**EXERCISE INSTRUCTIONS:**
Exclude every picture. Output verbatim the lines from the one containing "land_lot em Avenida" to the end of the data.

**DATA EXTRACT:**
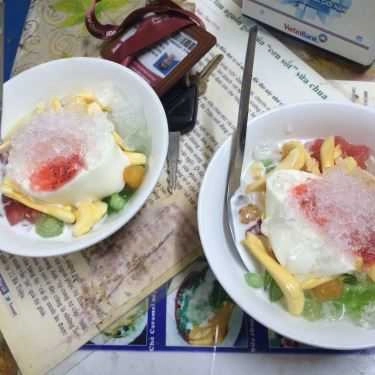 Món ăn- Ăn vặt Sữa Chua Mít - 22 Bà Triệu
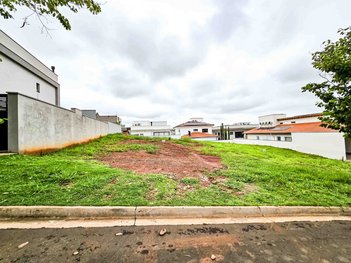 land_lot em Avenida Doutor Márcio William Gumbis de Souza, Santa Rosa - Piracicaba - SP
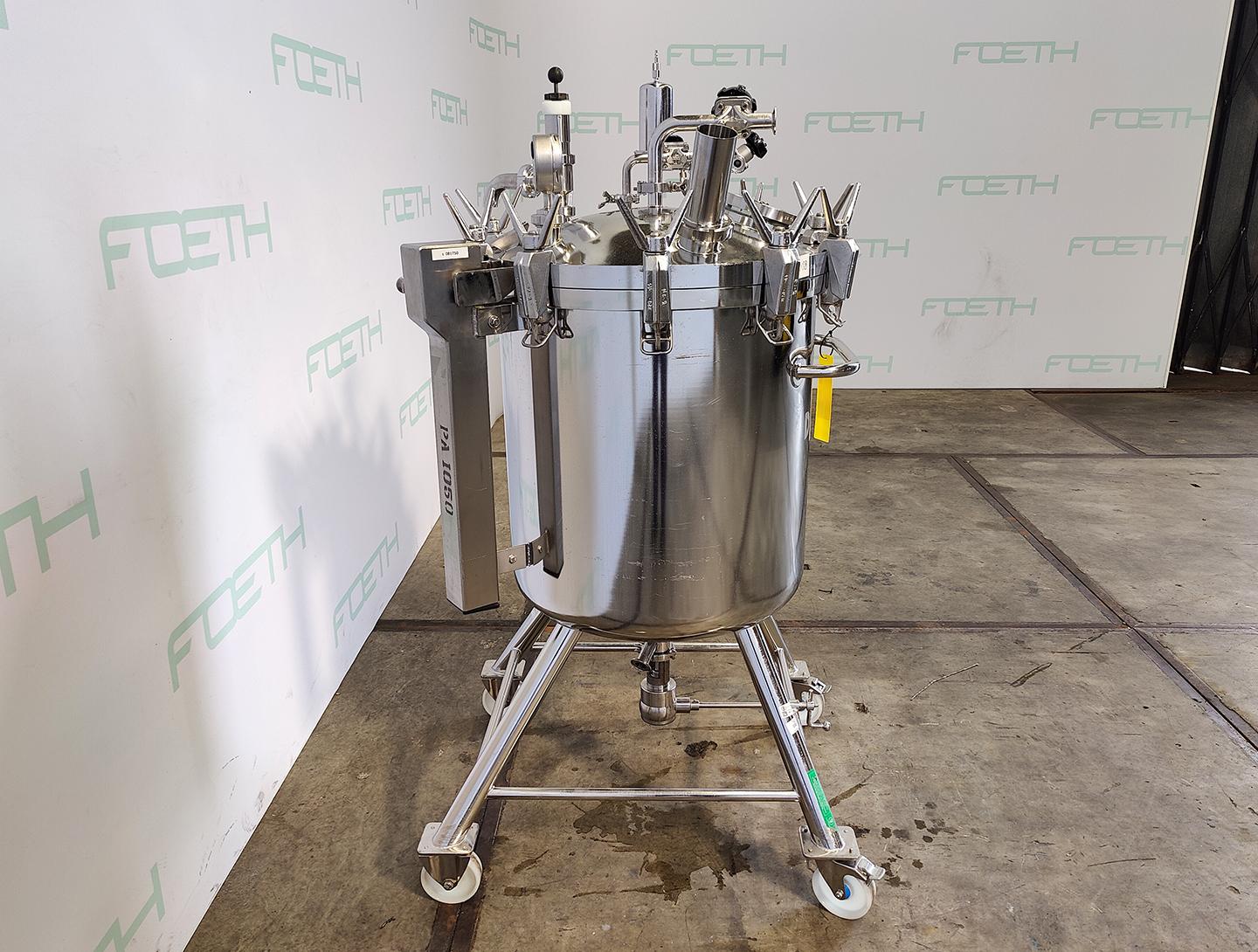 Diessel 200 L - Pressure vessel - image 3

**EXERCISE SOLUTION:**
 land_lot em Avenida Doutor Márcio William Gumbis de Souza, Santa Rosa - Piracicaba - SP
 Diessel 200 L - Pressure vessel - image 3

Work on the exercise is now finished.